冷清秋随着君唯的脚步进了内室,他知道君唯正在屏风后卸衣,所以他体贴的在案上点了盏烛以供照明。然而当光线逐渐明亮起来之时,他留意到屏风上的身影蓦地僵了一下,他心里一急便走了过去。“怎么了?”
下意识朝后背探去——“背后结痂的伤口好像又裂开了……你刚刚做了什么剧烈运动吗?”
“练剑而已,没什么。”君唯看了他一眼,他不明白他眼底的担忧为何?
“可是伤口好不容易才愈合,你实在是不应该——”
“少罗唆!”
一瞬间的静默,他甚至可以感受冷清秋停留在他背后的委屈视线,他知道他没有理由迁怒,可是又是谁把他的生活搞得一团乱?
他懒懒挑起了眉毛,“你还打算待在这儿吗?我可没穿着裤子洗澡的习惯。”
打趣看冷清秋绯红着两颐退出了内室,他一时也顾不得热水是否会烫痛背后的伤口便浸了满身,他如今着实需要一些痛楚来麻痹自己过于敏感的知觉。
浴池不大,但却足够他舒展四肢。平滑的花冈岩面抵上背部,意外透来沁人心脾的冰凉触感。君唯捞起池水洒了满脸,他微微仰起了头看着几净的天井。均匀的呼吸随同心跳,起伏于平滑结实的胸口,当漫身的水珠沿着优美而修长的身体曲线滑入水面时,微阖的眼怔怔张了开来。
想起了冷清秋,想起他正在那抹竹帘之后,他无意识探向起那抹微弱烛光的源头——
他与他仅隔着一片竹帘,他兴许会同自己说些话吧?
“你……是抱持着什么心思来伺候我?勉强你来服侍弑亲仇人,心底断然很不是滋味吧?”
听见君唯带着嘲讽的口气,冷清秋的口气显得有些幽怏。“其实……我、我刚从骞大哥那儿听来了你的事……”
他沉默了好一会儿才又开口道:“怎么?你的家破人亡跟我的灭族之恨相较之下倒成了鸡毛蒜皮?”
听他故意调侃自己,冷清秋倒也没放在心上。
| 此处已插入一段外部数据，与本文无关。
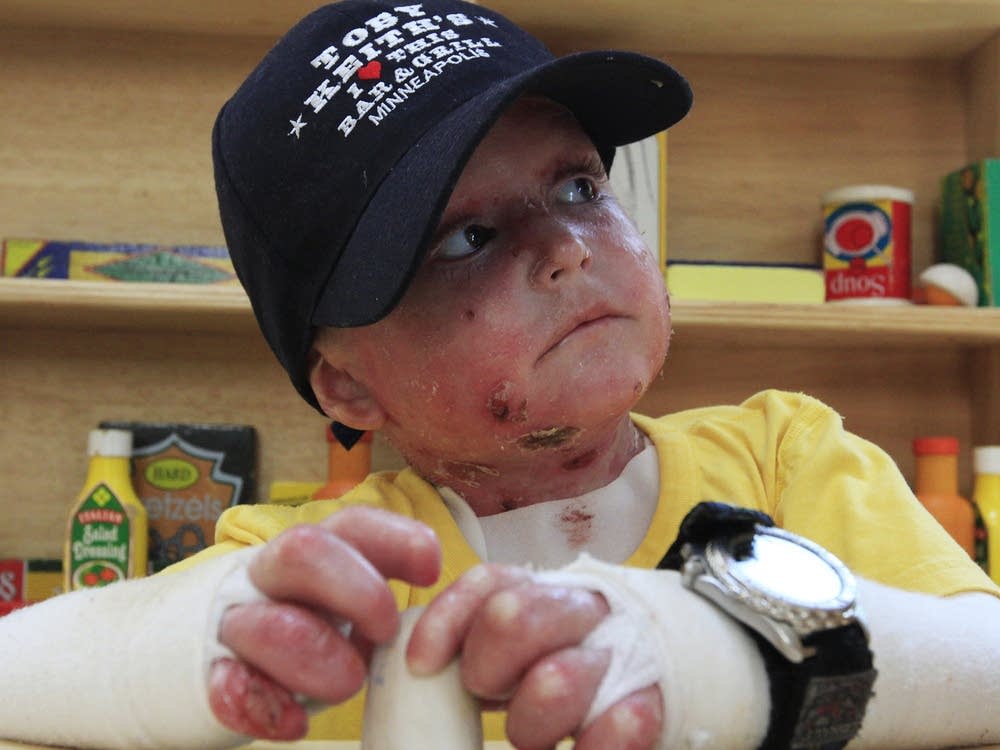 Payton before treatment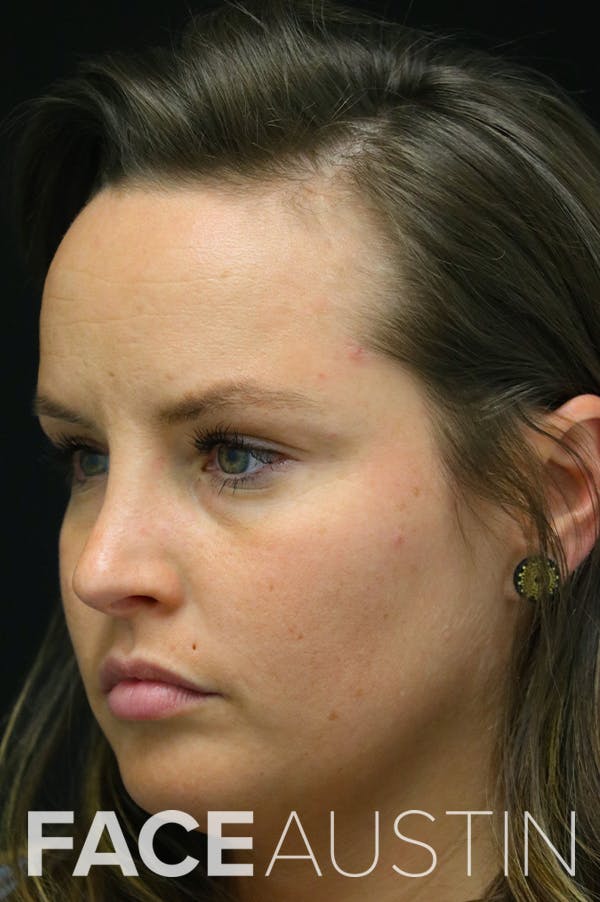 Rhinoplasty Before & After Gallery - Patient 24221127 - Image 4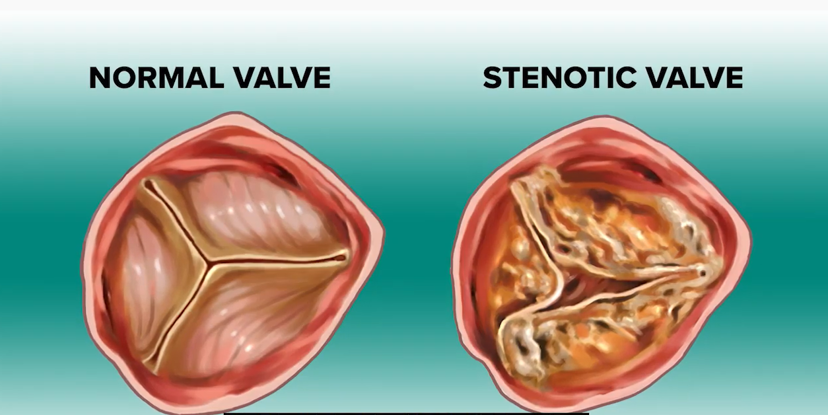 TAVR: Jim & Sarah’s Stories Thumbnail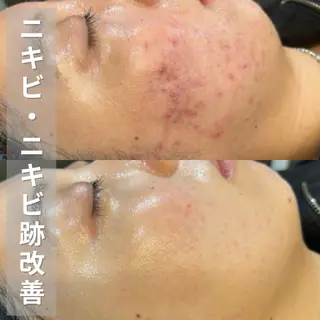 ニキビ・ニキビ跡改善 leoloのエステ・リラクイメージ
“我知道最可怜的人不是我,而是被仇恨所蒙蔽的人,所以我——”
帘后,蓦地传出击水的声响。君唯愠然。“你懂什么!你没尝过那种被人逼至绝境的痛苦,少在那里自以为是!”
帘后,君唯听见了像是想极力压抑住什么似的呼吸声。“你误解我的意思了……若要说恨,我应该恨你的才是……是你一夕之间剥夺了我所有的幸福……但不知道为什么……我就是无法狠下心来恨你……因为从你眼中我并没有看到复仇者该有的快意,相反的是一股很浓烈的寂寞……我想同样被命运玩弄的人究竟有什么资格去妄言憎恨呢?”
“你说这些话是在安慰自己还是同情我?”君唯扬了扬唇角,显然不以为然。“你爹娘死在我手中,我不相信你真的无动于衷——”
“我是很伤心,但我又能怎么办?”
“想报仇吗?”君唯忽道。
“什么?”
“我可以给你一次机会。”
冷清秋愕然望着帘后不远的人影,听他煞有其事似乎并不像是在同自己说笑。